Nationalspielerin Celia Okoyino da Mbabi beim Fotoshootings für den Kosmetikhersteller Henkel: Was ist hier eigentlich los? Bild: Ruprecht Stempell/Henkel Kosmetik

BERLIN taz | Lira Bajramaj ist schon sehr sexy, Linda Bresonik sieht ganz okay aus. Aber Lena Goessling muss unbedingt was mit ihrer Frisur machen. Sagt Udo Walz. Das ZDF hat den Berliner Starcoiffeur (frisiert unter anderen Désirée Nick, Sarah Connor, Heidi Klum) vor Beginn der Frauenfußball-WM in Deutschland um ein paar Tipps für „unsere Mädels“ gebeten.

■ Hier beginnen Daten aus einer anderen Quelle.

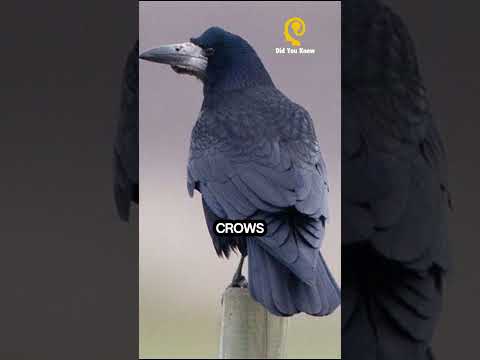 Rook - Did You Know That ? #fact #animal #creature #trivia #viral #shorts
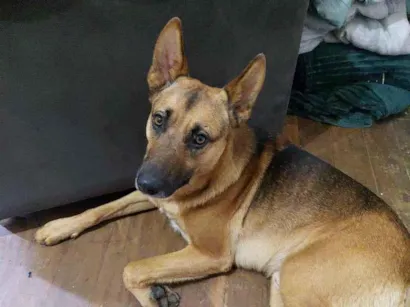 Cachorro raça SRD-ViraLata idade 1 ano nome Apolo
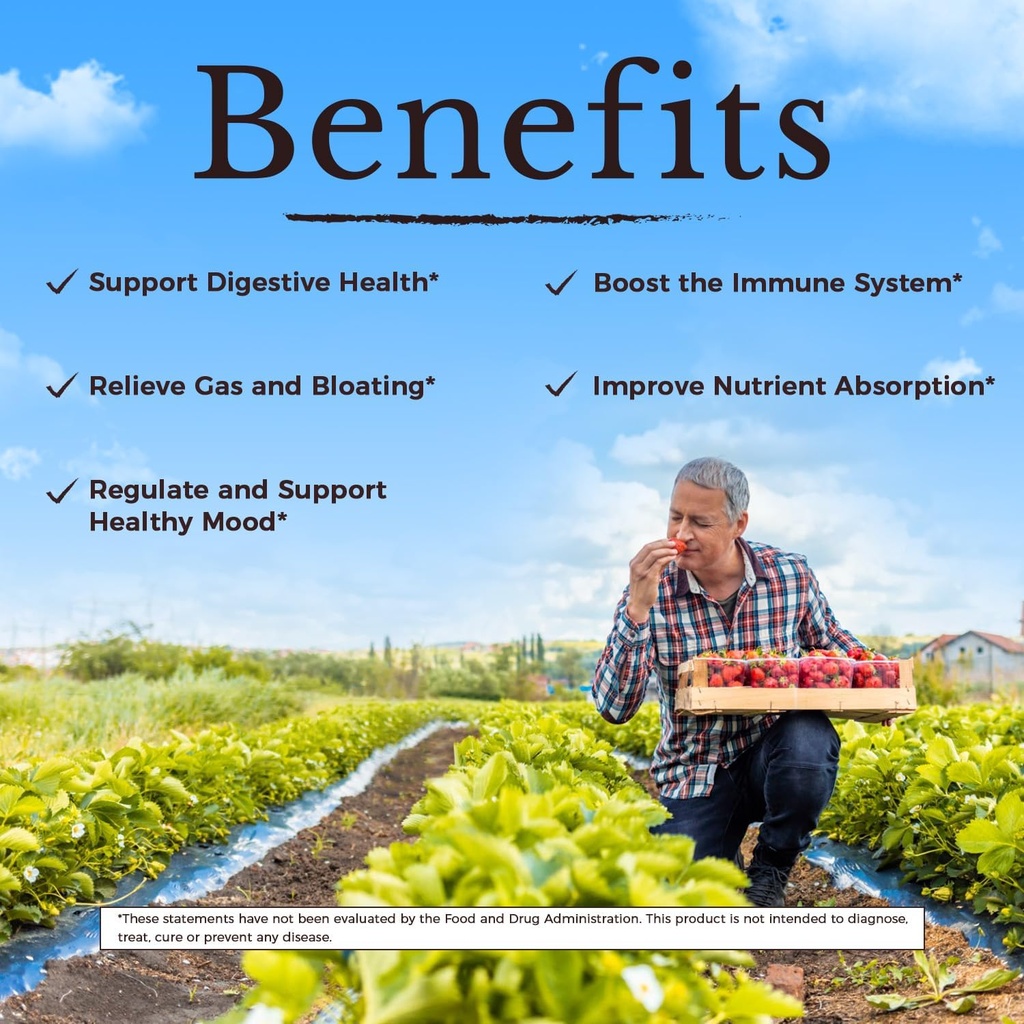 Vitalitown Probiotics 120 Billion CFUs | 36 Strains, with Prebiotics & Digestive Enzymes | Shelf Stable | Digestive Health & Immune Support | Vegan, Non-GMO | Pack of 1 | 60 Delayed Release Veg Caps 6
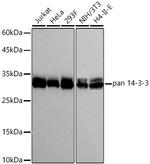 14-3-3 Pan Recombinant Rabbit Monoclonal Antibody (2P9P6)
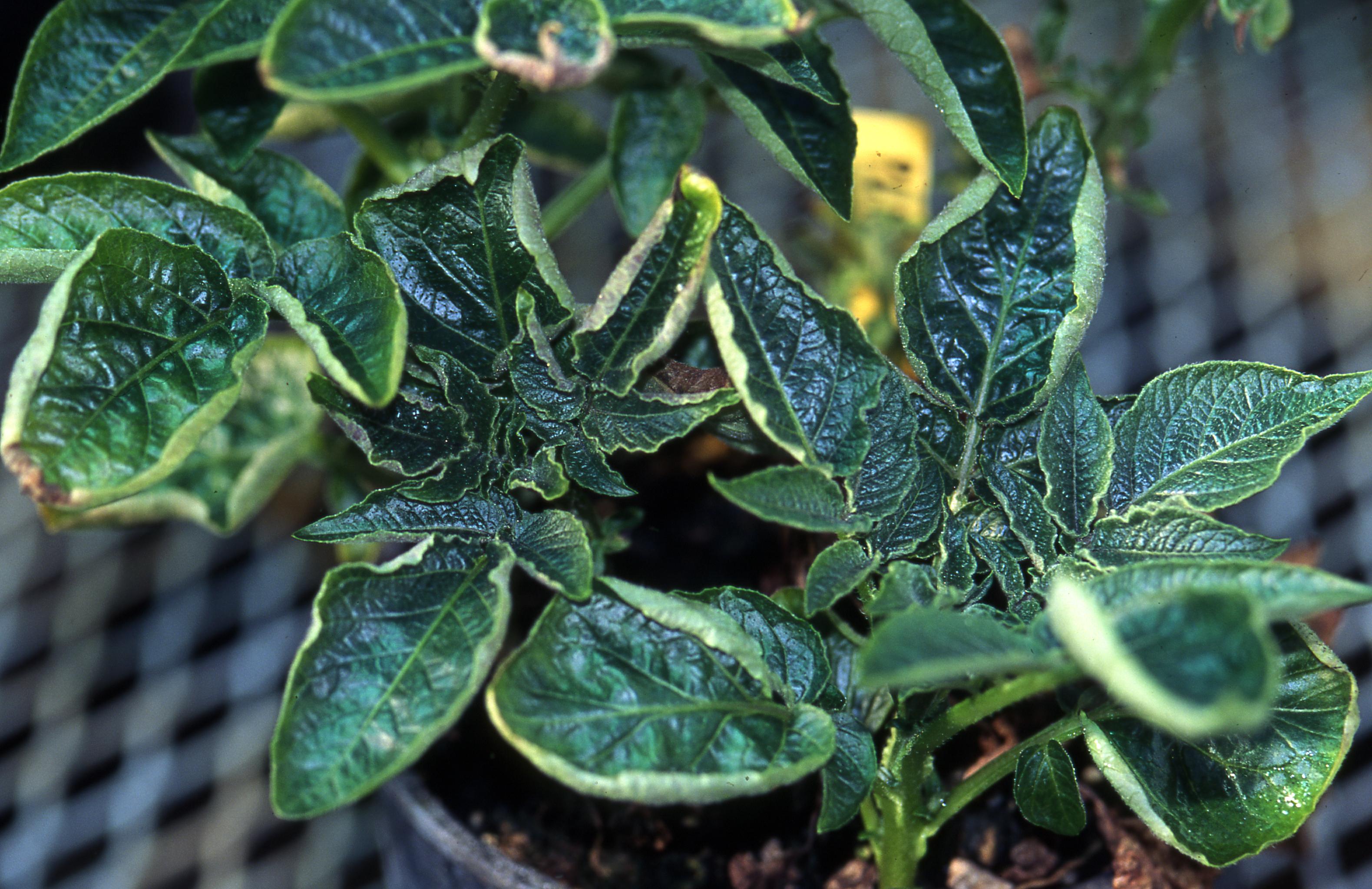 Potato Leafroll Virus: Complete Guide to PLRV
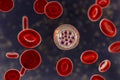 Red blood cells infected with malaria parasite Plasmodium vivax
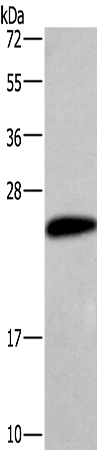 Anti-CGB3 Rabbit Polyclonal Antibody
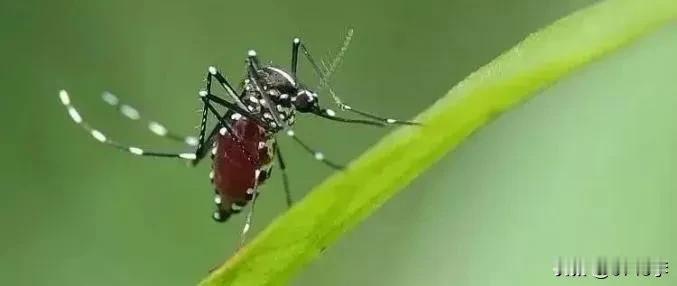 基孔肯雅病毒(Chikungunyavirus,CHIK-V)，属于披膜病毒
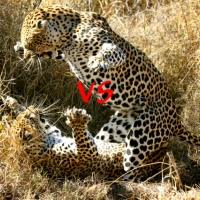 Leopard Kills - Viral [Video] Throwdown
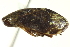  (Lepyronoxia - CNC#HEM402242)  @13 [ ] CreativeCommons - Attribution (2012) CBG Photography Group Centre for Biodiversity Genomics
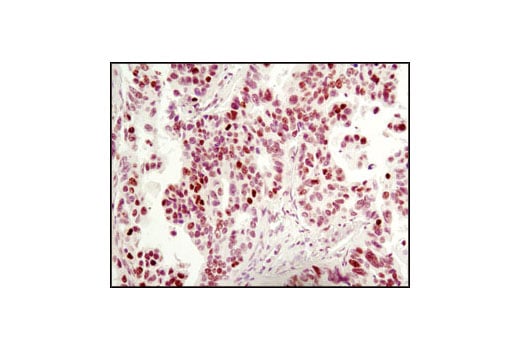 Immunohistochemistry Image 1: MeCP2 (D4F3) Rabbit Monoclonal Antibody (BSA and Azide Free)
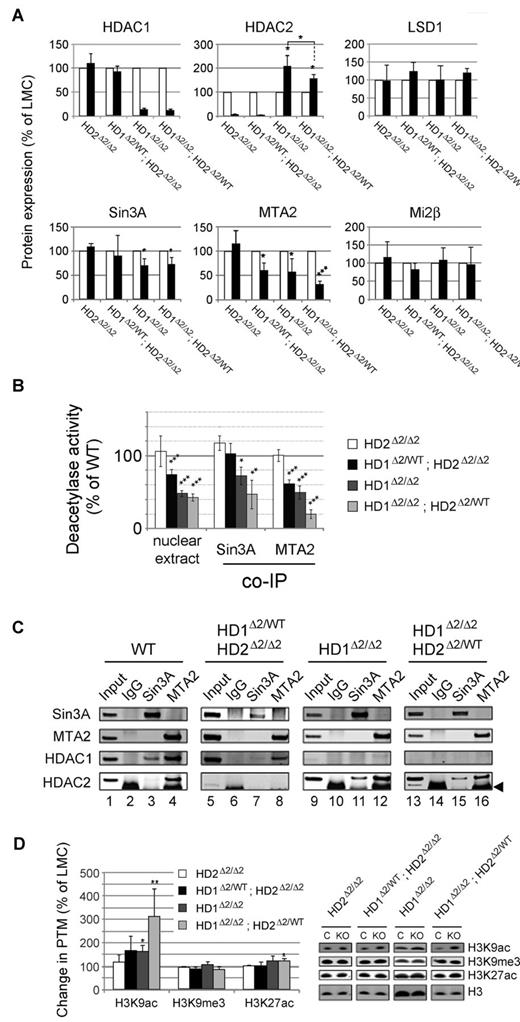 Figure 3. Loss of co-repressor complex integrity and increased histone acetylation in Hdac1/2 knock-out thymocytes. Experiments were performed on thymocytes isolated from 6- to 8-week-old mice. (A) Quantitative Western blot data for the indicated proteins. White and black bars denote protein levels measured in wild-type or knock-out cells, respectively from the indicated genotypes. Blots were quantified using a LiCOR scanner and normalized to the level of α-tubulin. Relative protein expression is presented as % of LMCs. Mean values (n = 3) ± SEM are plotted. (*P < .05, ***P < .001, paired t test). (B) Deacetylase activity was measured using a commercially available kit using 2μg of nuclear extract (left), or from individual HDAC1/2 containing complexes immunoprecipitated using anti-sera to Sin3A, or MTA2 as indicated. Nuclear extracts were prepared from thymocytes of the indicated genotype. (C) Western blot data for the indicated proteins co-immunoprecipitated in panel B. (D) Quantitative Western blotting was used to determine the levels of global histone acetylation. Acetylation levels were normalized to the total amount of H3 quantified using a LiCOR scanner. Mean values (n = 3) ± SEM are plotted. (*P < .05, **P < .01, paired t test).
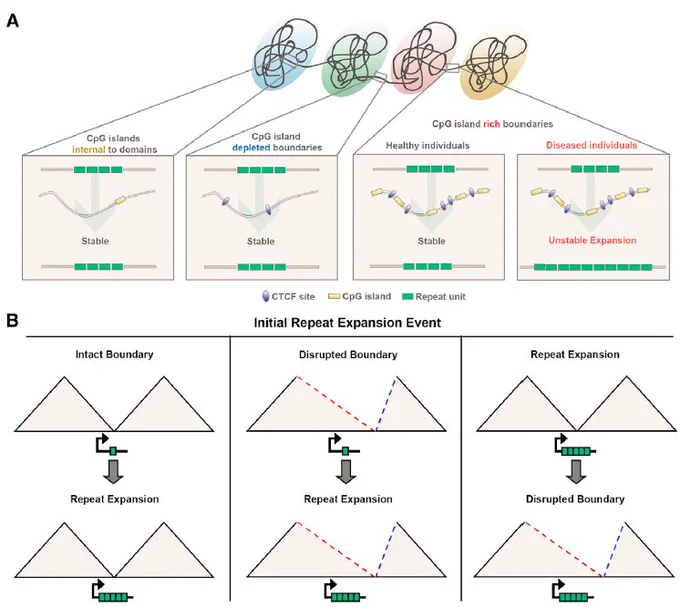 Models Describing the Possible Relationship between CpG Islands, 3D Genome Architecture, Repeat Instability,
and Gene Expression.(A) Working model for the role of domain boundaries with high CpG island density on repeat tract instability. (B) Schematics outlining possible cause and effect relationships between local topological environment and initial repeat expansion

Wann immer in diesen Wochen über Fußball, Frauen und diese WM geredet wird, geht es vor allem um die sexuelle Inszenierung mancher Spielerinnen, um die Frage, welche der Nationalkickerinnen lesbisch ist und wie viel Männlichkeit im Frauenfußball steckt. Geht es am Rande doch mal um den Sport, fällt rasch der Satz: „Das ist eine andere Sportart.“

Was ist hier eigentlich los? Das Land debattiert über Frauenquoten für Führungspositionen und Teilzeit für ManagerInnen, es übt sich in egalitärer Aufteilung der Familienpflichten und probiert es mit Vätermonaten, Gewerkschaften fordern gleiches Geld für gleiche Arbeit und familienfreundliche Arbeitszeiten.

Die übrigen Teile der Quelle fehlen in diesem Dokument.